* Entries supplied
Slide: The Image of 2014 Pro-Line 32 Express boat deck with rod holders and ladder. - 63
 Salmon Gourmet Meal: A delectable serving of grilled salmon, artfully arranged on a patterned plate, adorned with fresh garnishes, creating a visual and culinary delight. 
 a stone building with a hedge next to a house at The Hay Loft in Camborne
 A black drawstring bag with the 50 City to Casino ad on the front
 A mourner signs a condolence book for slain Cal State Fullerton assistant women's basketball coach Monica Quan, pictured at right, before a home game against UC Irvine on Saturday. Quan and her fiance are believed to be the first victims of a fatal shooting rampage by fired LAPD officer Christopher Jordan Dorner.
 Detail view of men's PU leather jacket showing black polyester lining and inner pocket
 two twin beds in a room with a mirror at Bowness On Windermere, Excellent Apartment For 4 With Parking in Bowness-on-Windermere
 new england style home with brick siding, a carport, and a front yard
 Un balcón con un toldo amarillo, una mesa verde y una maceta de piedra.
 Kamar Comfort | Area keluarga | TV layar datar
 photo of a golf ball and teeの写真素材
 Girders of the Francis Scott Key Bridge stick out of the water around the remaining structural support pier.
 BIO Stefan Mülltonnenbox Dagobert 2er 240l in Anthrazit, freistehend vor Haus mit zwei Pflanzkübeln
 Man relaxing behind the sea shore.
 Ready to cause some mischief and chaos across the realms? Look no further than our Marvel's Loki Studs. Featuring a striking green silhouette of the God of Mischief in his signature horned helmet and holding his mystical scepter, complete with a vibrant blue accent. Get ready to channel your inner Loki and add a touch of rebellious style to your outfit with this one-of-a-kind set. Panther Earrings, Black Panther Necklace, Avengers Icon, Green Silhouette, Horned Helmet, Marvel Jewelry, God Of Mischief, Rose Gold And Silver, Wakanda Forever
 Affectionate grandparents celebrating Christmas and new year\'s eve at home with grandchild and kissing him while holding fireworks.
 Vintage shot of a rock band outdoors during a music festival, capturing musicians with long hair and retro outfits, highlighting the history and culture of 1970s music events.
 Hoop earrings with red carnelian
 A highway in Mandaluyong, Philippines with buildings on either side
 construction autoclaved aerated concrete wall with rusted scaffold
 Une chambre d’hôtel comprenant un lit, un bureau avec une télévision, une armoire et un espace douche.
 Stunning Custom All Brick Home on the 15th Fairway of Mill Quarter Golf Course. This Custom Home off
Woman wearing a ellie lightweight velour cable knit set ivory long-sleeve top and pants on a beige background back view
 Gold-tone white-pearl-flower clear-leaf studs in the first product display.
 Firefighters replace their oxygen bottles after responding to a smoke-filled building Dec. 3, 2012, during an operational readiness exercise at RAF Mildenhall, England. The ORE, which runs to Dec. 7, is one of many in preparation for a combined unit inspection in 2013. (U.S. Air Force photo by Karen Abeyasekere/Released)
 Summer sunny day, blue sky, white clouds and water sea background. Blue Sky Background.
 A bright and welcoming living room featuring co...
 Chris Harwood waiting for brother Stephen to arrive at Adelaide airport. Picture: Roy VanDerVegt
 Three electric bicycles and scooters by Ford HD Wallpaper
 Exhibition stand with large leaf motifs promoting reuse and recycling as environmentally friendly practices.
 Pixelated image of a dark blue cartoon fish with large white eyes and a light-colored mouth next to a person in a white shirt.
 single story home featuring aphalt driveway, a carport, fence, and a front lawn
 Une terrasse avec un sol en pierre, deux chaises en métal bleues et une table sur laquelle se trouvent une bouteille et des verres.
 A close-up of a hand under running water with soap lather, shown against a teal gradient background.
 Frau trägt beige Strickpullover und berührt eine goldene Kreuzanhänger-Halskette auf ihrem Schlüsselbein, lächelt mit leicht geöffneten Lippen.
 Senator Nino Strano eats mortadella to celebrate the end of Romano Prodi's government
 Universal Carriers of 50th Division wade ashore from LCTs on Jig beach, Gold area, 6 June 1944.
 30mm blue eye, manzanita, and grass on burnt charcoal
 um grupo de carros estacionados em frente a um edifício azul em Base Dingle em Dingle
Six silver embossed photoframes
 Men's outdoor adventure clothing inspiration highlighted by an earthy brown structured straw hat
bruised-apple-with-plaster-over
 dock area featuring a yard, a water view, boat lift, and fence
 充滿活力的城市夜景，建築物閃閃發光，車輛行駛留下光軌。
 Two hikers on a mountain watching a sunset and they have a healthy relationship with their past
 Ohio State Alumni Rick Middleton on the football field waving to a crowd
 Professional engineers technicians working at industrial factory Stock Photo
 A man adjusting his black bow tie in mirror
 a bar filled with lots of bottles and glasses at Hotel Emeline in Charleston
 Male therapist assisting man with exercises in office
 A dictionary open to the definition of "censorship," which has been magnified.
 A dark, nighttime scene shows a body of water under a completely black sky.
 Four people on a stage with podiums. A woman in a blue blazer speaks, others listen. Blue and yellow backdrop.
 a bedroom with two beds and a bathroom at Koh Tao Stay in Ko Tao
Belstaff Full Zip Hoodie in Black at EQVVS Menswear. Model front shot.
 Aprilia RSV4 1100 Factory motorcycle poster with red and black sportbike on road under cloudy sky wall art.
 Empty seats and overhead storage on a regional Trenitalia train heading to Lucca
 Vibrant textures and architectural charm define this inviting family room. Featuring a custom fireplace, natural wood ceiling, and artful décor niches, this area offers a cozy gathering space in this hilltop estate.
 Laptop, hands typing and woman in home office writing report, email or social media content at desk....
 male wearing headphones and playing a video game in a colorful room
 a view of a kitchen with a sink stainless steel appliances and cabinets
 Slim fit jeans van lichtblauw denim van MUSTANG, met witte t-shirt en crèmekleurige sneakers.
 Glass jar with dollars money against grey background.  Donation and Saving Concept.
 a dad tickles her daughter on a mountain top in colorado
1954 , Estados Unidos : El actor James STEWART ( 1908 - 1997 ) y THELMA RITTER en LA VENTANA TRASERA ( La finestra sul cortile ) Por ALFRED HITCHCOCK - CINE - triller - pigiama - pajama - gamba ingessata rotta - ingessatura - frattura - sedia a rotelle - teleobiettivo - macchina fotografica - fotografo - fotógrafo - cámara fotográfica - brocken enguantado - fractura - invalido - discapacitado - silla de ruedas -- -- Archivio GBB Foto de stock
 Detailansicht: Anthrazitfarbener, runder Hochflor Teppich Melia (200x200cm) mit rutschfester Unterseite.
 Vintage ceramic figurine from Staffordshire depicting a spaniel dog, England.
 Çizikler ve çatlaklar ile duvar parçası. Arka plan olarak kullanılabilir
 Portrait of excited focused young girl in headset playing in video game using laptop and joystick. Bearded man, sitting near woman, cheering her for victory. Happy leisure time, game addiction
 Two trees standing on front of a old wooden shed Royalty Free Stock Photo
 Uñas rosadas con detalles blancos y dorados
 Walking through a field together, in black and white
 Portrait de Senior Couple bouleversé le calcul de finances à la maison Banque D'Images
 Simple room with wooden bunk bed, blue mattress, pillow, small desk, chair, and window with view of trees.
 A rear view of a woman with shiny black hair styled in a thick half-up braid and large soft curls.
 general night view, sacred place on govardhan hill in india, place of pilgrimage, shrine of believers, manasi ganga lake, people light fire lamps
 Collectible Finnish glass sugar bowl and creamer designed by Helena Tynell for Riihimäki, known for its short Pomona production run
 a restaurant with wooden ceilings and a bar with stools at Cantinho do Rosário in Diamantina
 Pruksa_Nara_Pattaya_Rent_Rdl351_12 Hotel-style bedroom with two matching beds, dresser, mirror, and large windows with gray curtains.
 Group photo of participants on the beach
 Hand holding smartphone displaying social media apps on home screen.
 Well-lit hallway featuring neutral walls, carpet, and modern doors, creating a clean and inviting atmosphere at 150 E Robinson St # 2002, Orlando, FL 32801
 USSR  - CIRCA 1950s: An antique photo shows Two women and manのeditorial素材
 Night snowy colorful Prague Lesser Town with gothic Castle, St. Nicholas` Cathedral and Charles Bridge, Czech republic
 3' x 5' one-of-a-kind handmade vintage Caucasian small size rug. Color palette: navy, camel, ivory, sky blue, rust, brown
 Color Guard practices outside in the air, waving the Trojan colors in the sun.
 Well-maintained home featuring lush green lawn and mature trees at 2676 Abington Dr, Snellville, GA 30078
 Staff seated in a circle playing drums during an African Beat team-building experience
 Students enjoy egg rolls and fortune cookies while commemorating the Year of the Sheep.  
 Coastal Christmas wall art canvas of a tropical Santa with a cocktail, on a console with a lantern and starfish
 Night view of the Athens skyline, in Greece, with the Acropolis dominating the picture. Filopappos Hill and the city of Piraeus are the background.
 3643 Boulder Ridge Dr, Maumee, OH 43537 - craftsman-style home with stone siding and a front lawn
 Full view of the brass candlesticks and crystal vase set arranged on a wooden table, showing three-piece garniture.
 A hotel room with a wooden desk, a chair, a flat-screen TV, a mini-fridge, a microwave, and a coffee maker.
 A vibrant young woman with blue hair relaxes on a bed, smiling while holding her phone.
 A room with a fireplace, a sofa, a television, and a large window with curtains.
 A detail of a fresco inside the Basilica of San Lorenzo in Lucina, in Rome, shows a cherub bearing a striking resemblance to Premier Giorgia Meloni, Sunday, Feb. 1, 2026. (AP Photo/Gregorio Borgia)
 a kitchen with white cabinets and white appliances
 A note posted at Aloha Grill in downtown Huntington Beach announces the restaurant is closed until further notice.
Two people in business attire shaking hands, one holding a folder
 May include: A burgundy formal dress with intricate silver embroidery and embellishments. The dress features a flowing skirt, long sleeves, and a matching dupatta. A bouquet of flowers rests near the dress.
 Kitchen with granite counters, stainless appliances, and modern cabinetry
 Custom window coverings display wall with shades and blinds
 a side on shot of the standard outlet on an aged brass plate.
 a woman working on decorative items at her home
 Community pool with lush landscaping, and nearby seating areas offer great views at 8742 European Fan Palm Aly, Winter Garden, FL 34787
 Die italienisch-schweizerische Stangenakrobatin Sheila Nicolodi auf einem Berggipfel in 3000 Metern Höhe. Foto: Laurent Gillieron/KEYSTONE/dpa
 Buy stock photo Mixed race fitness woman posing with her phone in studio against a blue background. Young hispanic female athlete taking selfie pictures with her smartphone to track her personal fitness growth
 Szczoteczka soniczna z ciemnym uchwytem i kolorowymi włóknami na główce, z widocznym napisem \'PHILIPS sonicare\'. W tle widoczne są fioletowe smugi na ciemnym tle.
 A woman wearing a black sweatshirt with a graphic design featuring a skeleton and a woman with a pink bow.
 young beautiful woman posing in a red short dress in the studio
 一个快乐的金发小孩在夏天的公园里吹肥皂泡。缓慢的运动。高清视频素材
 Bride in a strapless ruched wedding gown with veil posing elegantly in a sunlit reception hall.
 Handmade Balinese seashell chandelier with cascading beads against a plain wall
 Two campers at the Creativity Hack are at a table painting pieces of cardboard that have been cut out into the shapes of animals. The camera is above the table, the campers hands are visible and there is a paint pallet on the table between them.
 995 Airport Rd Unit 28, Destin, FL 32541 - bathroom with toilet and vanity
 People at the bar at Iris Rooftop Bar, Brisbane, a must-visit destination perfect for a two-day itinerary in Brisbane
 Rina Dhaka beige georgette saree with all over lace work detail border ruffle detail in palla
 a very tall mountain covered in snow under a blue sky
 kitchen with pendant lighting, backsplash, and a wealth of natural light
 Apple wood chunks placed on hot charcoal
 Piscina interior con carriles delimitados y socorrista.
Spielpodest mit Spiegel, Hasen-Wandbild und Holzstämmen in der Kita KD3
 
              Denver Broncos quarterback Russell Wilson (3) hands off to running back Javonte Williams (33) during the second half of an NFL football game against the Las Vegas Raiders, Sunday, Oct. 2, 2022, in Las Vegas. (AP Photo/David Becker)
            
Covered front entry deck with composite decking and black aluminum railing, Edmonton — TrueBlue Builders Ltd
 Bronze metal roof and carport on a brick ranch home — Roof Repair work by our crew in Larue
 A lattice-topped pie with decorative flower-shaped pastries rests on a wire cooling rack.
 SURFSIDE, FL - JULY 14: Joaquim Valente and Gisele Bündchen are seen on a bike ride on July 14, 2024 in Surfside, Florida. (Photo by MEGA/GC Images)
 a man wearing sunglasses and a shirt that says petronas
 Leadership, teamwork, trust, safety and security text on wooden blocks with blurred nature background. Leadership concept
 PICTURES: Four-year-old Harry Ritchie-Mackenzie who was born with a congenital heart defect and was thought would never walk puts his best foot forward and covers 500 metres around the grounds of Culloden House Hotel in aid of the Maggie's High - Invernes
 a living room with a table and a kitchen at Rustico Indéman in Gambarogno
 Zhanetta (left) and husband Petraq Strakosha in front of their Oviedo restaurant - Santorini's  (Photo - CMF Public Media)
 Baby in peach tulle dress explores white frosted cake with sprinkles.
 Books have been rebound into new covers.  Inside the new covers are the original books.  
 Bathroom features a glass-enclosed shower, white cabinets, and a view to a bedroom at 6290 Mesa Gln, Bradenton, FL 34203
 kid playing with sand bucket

* Exercise instructions
Find the lines above that contain "Bridge" and give their count, with nothing added.

* Finished task
2